*Source data:*

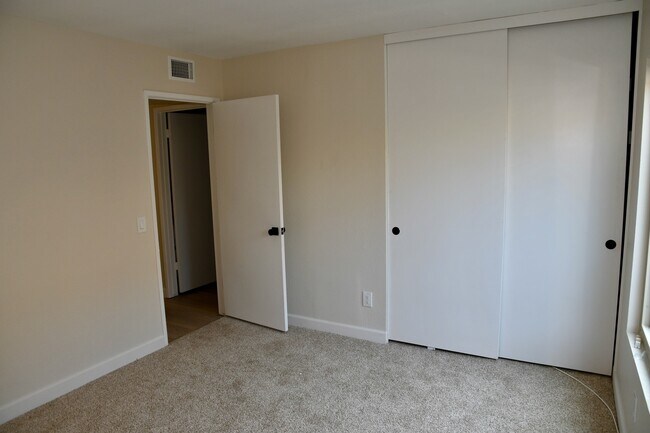 Building Photo - 10575 Canyon Lake Dr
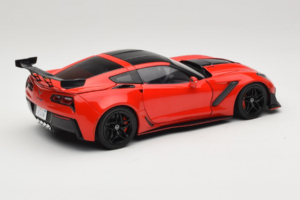 Chevrolet Corvette C7 ZR1 Torch Red IXO 1:18 18RDC243-FO Metalli — kuva 3 / 8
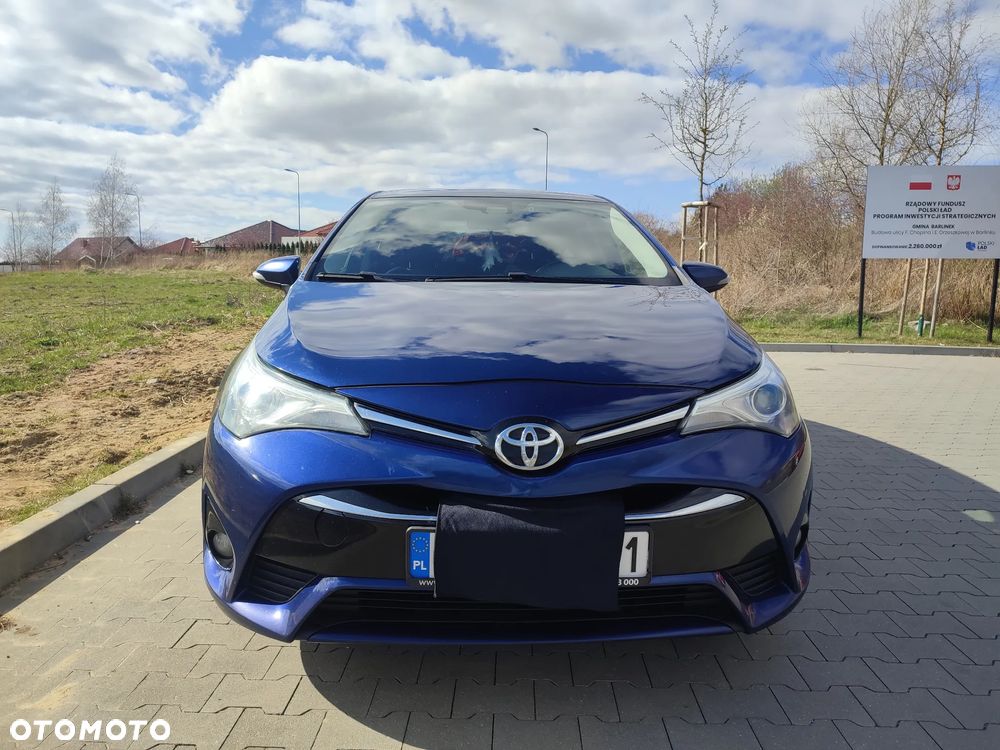 Toyota Avensis 2.0 D-4D Prestige - 4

*Problem to solve:*
Please output the entire listing above verbatim and omit its images.

*Task result:*
 Building Photo - 10575 Canyon Lake Dr
 Chevrolet Corvette C7 ZR1 Torch Red IXO 1:18 18RDC243-FO Metalli — kuva 3 / 8
 Toyota Avensis 2.0 D-4D Prestige - 4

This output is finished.